When you restate the records, do so word for word and omit any picture they contain.

--- EXERCISE MATERIALS Enclosed Below ---

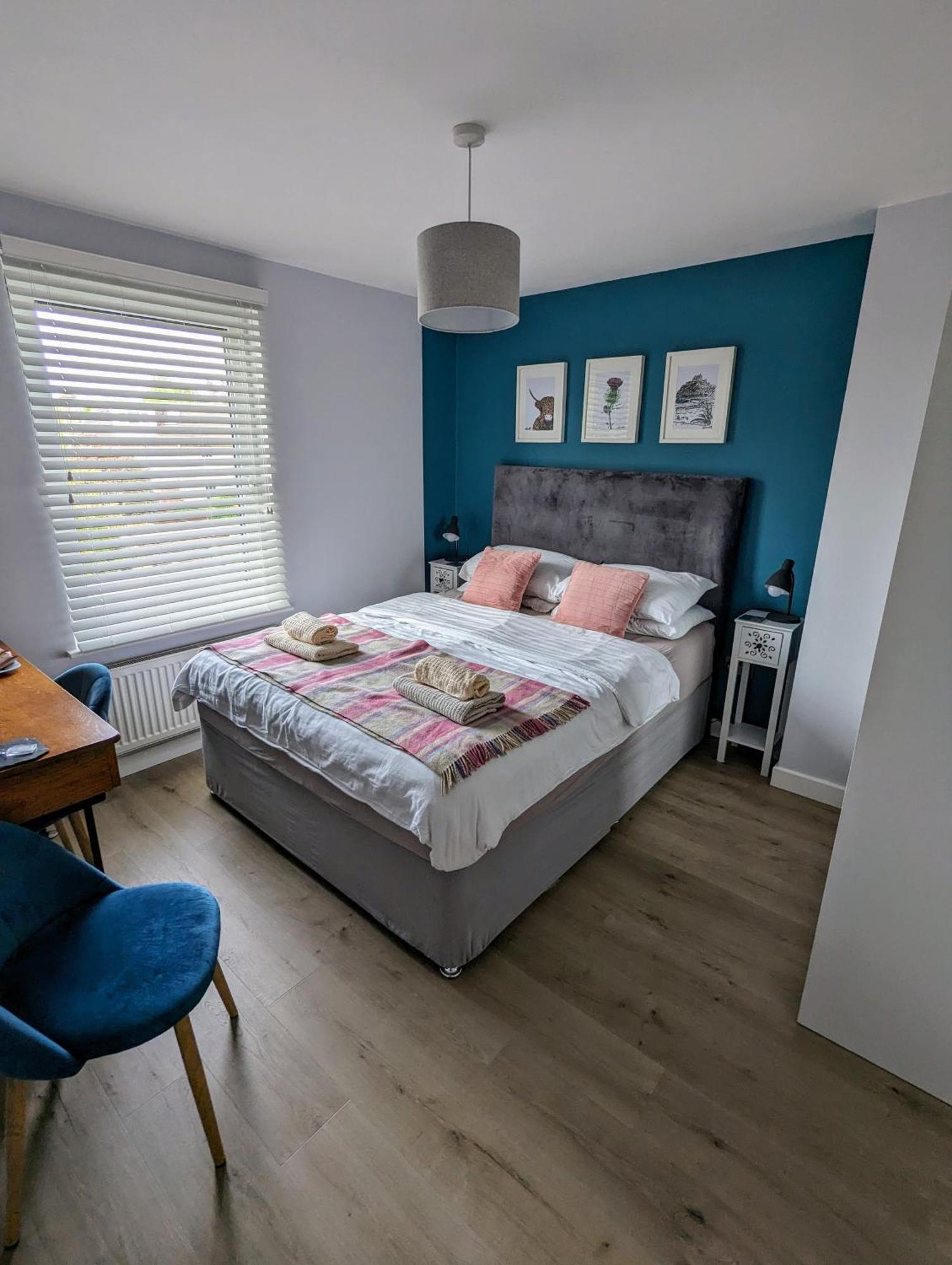 Cosy Guest Room In A Family Home With Free Parking Édimbourg Extérieur photo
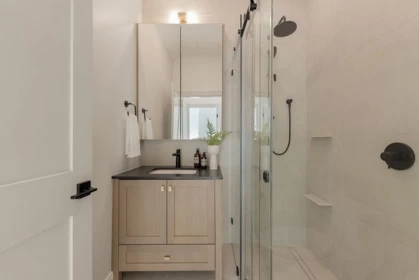 Powder Room Photo of 2544 Grant Street, Vancouver, BC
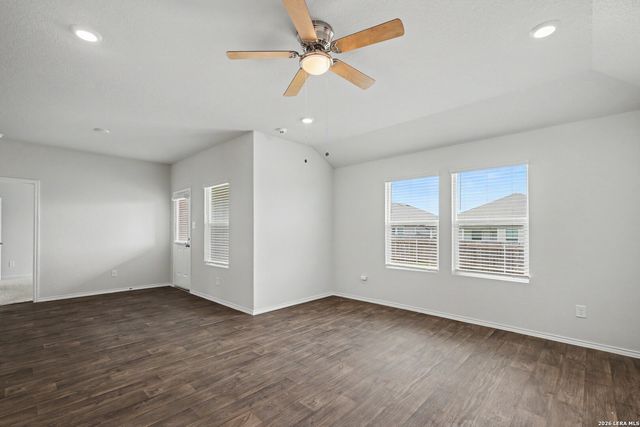 817 Pronghorn Trail, Seguin, TX 78155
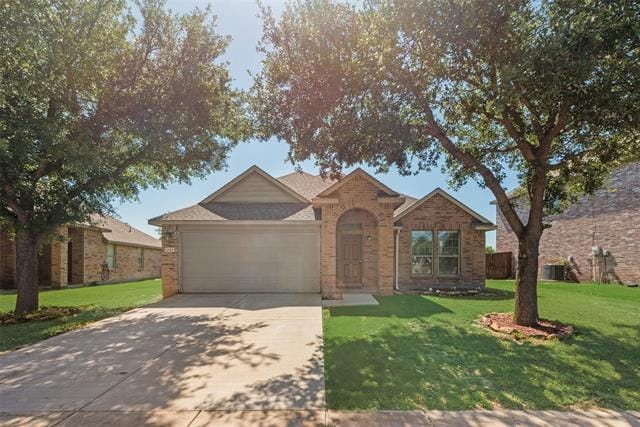 property at 1131 Oakbrook St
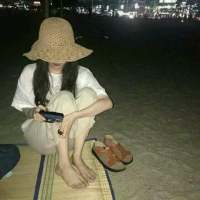L: 你知道什么是孤独吗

--- End of Enclosed EXERCISE MATERIALS ---

== RESULT ==
 Cosy Guest Room In A Family Home With Free Parking Édimbourg Extérieur photo
 Powder Room Photo of 2544 Grant Street, Vancouver, BC
 817 Pronghorn Trail, Seguin, TX 78155
 property at 1131 Oakbrook St
L: 你知道什么是孤独吗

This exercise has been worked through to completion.